Let me show you some examples of good target audience definition.
Examples of good target audience definition
Case 1. Young mothers. Women 21 - 35 y.o., who want to keep in shape, but don’t have a lot of time for this. They value mobility, affordability, flexibility.
Case 2. Young people with diabetes. 18 - 35 y.o. They need to follow the treatment procedures (not forget about it + do in time) and want to do it fast and unnoticed. They value communications with friends and family, privacy, efficiency.
Case 3. Experienced stockbrokers. 30 - 50 y.o. Spend all their time doing business, don’t have enough free time for family and friends. Value speed, efficiency, quality.
Do you feel how specific these audiences are? Can you literally feel their work day, their problems, thoughts, needs? This is what distinguishes well-defined audiences from “general” audiences. This is the type of definition you need to achieve for your startup.
You can say that “potentially everyone has these needs and your audience is all mature people.” I can give you an example. Who uses Facebook today? Everyone. From school kids to engineers, and from businesspeople to grandparents. But let’s rewind back to 2004 when Facebook just started at Harvard University. First users were students who wanted to connect with their friends online. The membership to the site was restricted only to Harvard. And it was the right move.
The Diffusion of innovations can help us understand how it works. The first who should come to your product are Innovators. They are looking for something new and cool, they are tolerant to bugs and can give honest and constructive feedback. The Majority - are people who are looking for solutions and convenience.
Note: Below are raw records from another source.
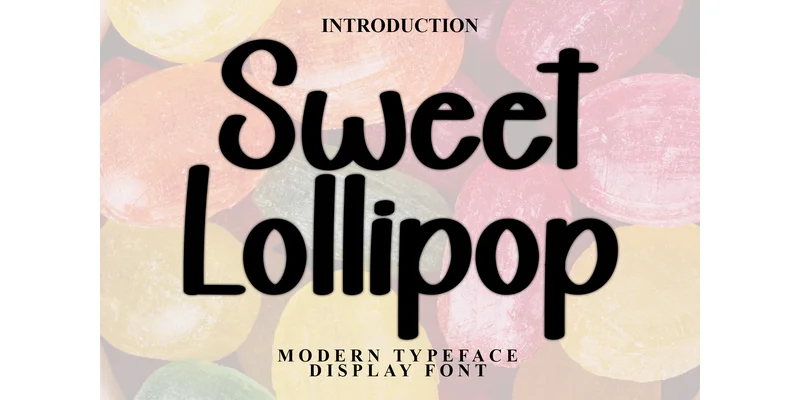 Sweet Lollipop Font by Inermedia STUDIO — Display Font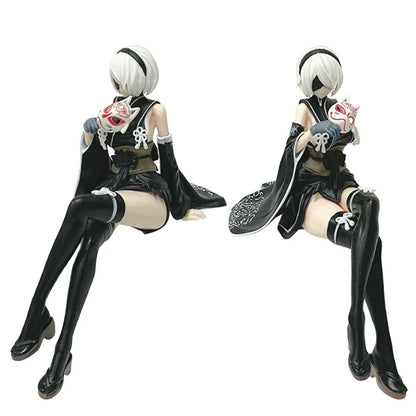 Yorha No.2 Type B Anime Girl Figure Ver1.1a Model A No.2 Kimono Action Figure Collection Modle Toy Boy'S Birthday Gift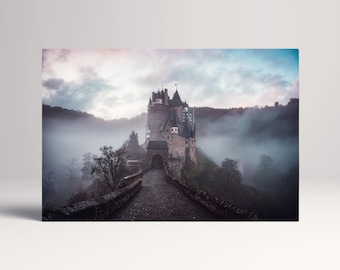 Burg Eltz Castle Germany Misty Fog PETA Approved Eco Leather Multi Panel Art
That’s why they are not-tolerant to bugs, and if something doesn't work, they get rid of the product and never come back. In the case of Facebook - students were Innovators, who were the part of the product growth, with their feedback, thoughts and usage patterns. The Facebook which we have today is the entirely different product (than it was 15 years ago), with the focus to Majority, satisfying the needs of both businessmen and grandparents. If you want to know more about The Diffusion of innovations, we suggest you visit our special directory.
So, for you, it’s critical to identify who the Innovators for your product are. Don’t know how to do it? The next chapter can help.
How to identify your customer
For several years working with startups, we found several precisely good questions that help our founders determine their target audience.
Q: Who is the ideal customer?
Hint: find people who are literally suffering now without your product.
Q: How often do they have a problem?
Hint: Uber vs. Airbnb. How often do you need a taxi? How often do you need to rent a flat?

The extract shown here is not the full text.